> [Provided information]
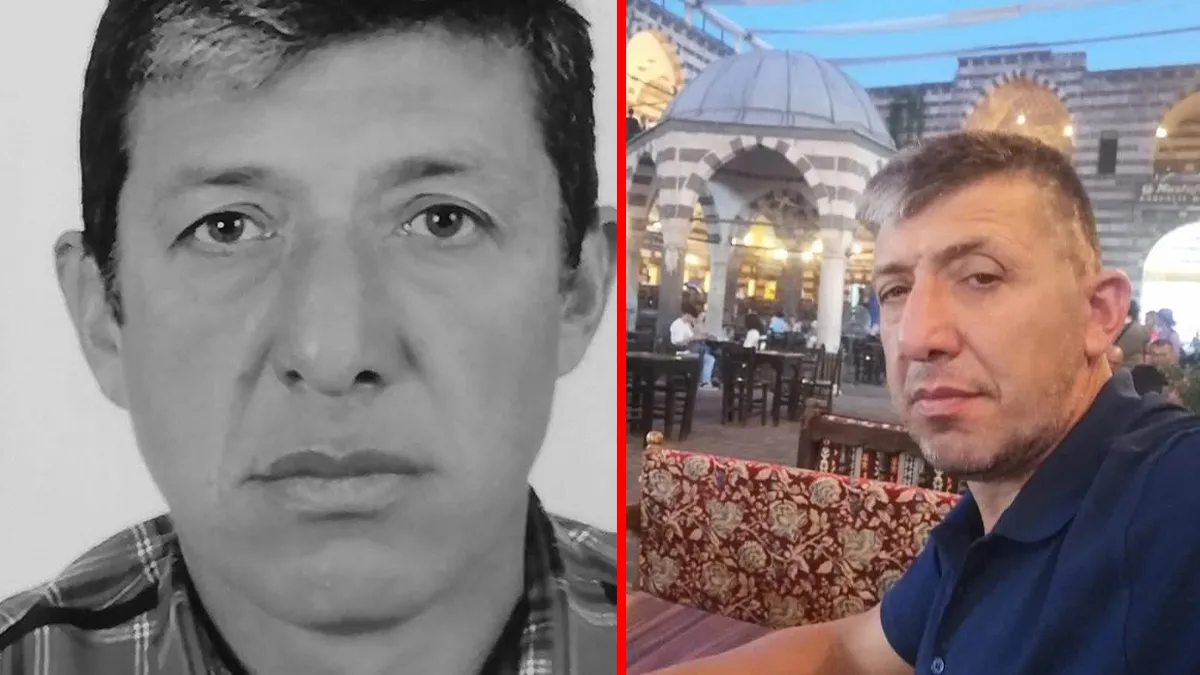 Son Gelişme: Zonguldak’ta acı kaza! Tarım aracı uçuruma yuvarlandı: Arılar ekipleri yaklaştırmadı ve Merak Edi
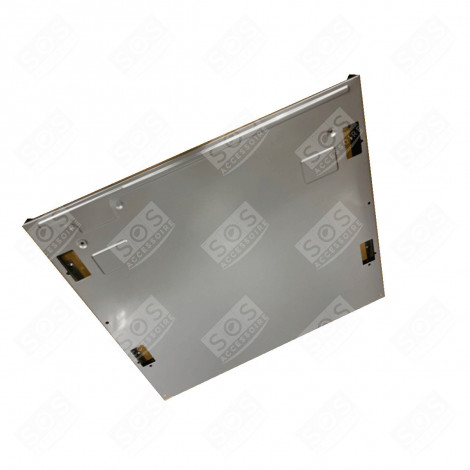 EXTERNAL DOOR DISHWASHER - 1880072711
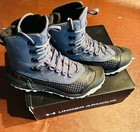 Under Armour Hovr Raider Wp Original Release Mens 9 5 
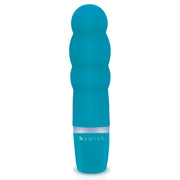 B Swish – BCUTE CLASSIC Vibrator Pearl – Turquoise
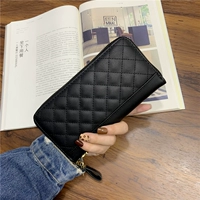 Черная коллекция плюс покупка предпочтительная доставка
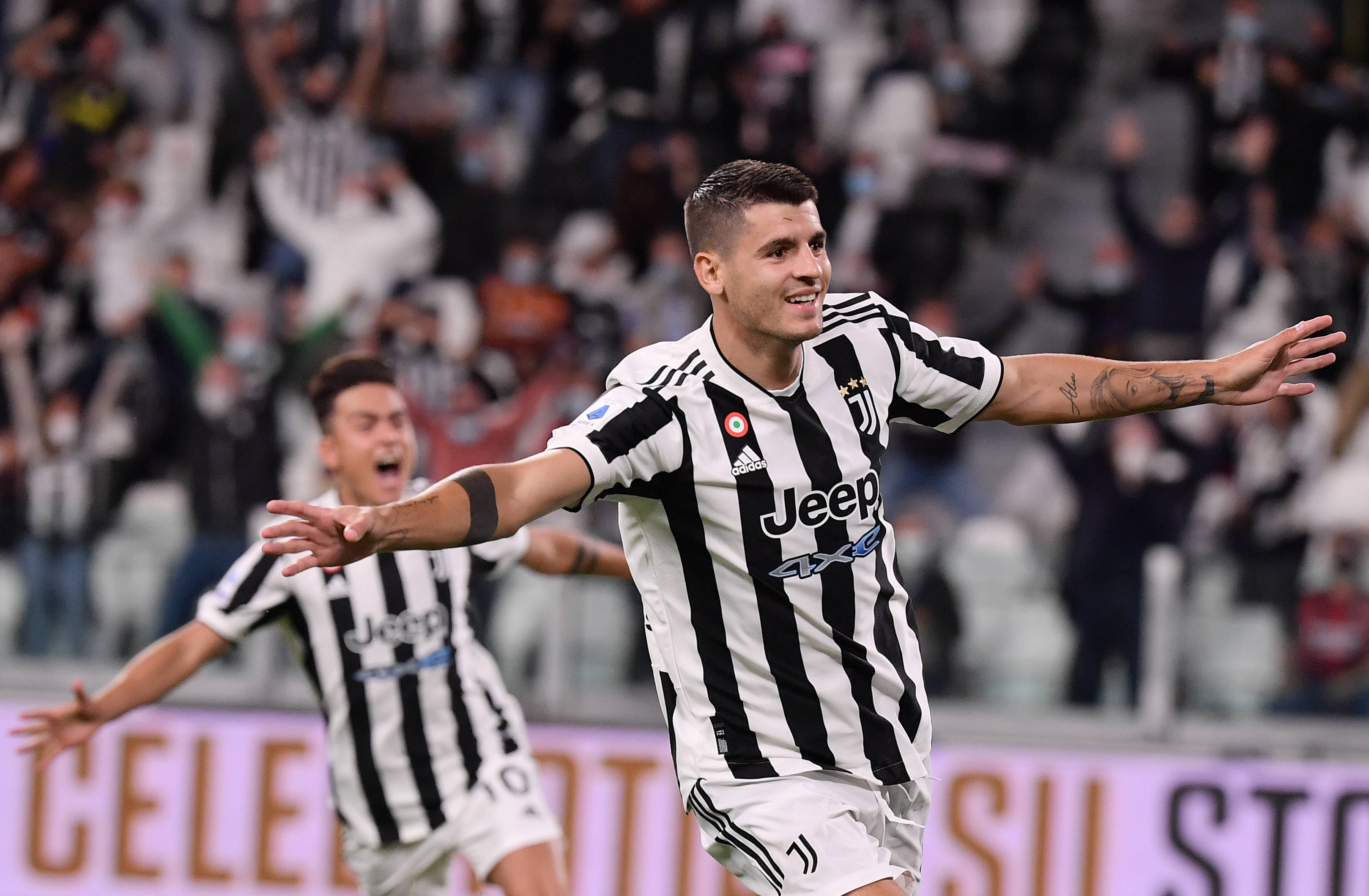 关于尤文图斯发布备战花絮，转会期防线松动，欧篮联任务艰巨，年轻球员得到机会的信息kaiyun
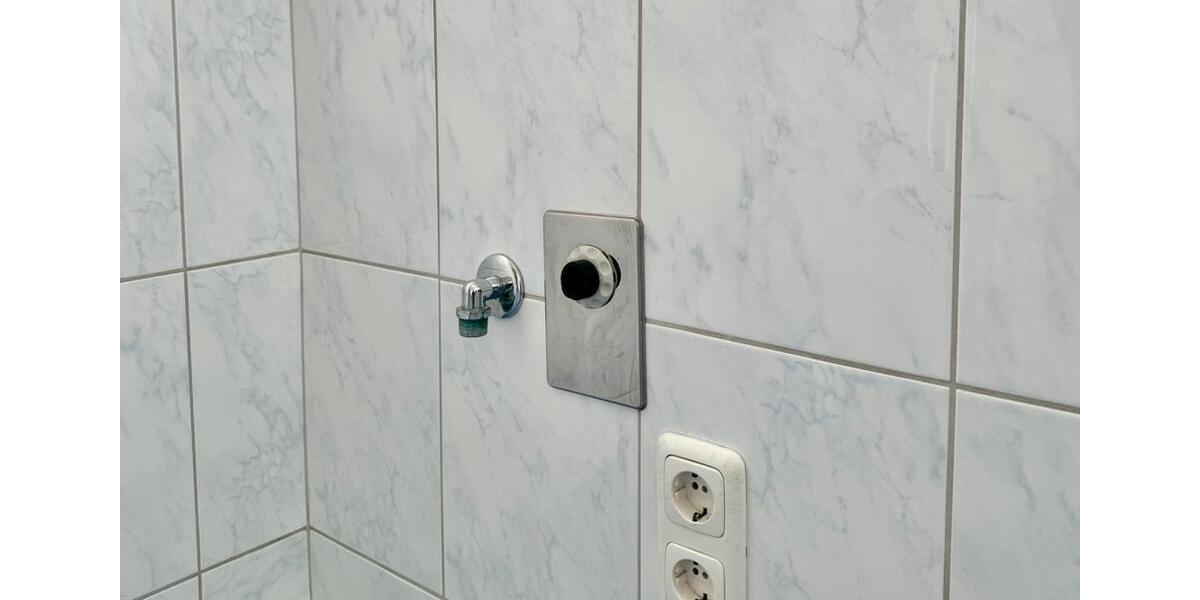 Etagenwohnung Osnabrück Fledder - 4 Zimmer, 82 m&sup2;, 950&euro; | Angebot:23090534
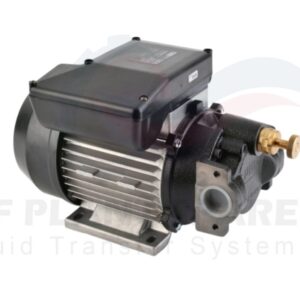 Piusi Viscomat 70 Oil Pump 230 volt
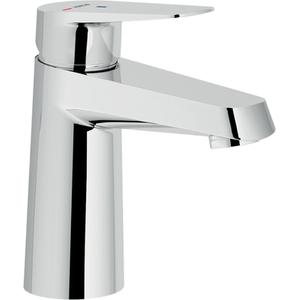 SKY MIX LAVABO RISP. IDRICO SENZA SC. SYH97118/2CR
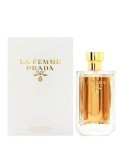 Apa de parfum Prada La Femme, 100 ml, pentru femei
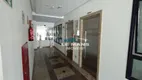 Foto 10 de Apartamento com 3 Quartos à venda, 113m² em Alto, Piracicaba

> [Your task] Every line from the one containing "Under Armour Hovr" through the end of the listing is to be copied exactly; the pictures are not.

> [Response for this exercise]
 Under Armour Hovr Raider Wp Original Release Mens 9 5 
 B Swish – BCUTE CLASSIC Vibrator Pearl – Turquoise
 Черная коллекция плюс покупка предпочтительная доставка
 关于尤文图斯发布备战花絮，转会期防线松动，欧篮联任务艰巨，年轻球员得到机会的信息kaiyun
 Etagenwohnung Osnabrück Fledder - 4 Zimmer, 82 m&sup2;, 950&euro; | Angebot:23090534
 Piusi Viscomat 70 Oil Pump 230 volt
 SKY MIX LAVABO RISP. IDRICO SENZA SC. SYH97118/2CR
 Apa de parfum Prada La Femme, 100 ml, pentru femei
 Foto 10 de Apartamento com 3 Quartos à venda, 113m² em Alto, Piracicaba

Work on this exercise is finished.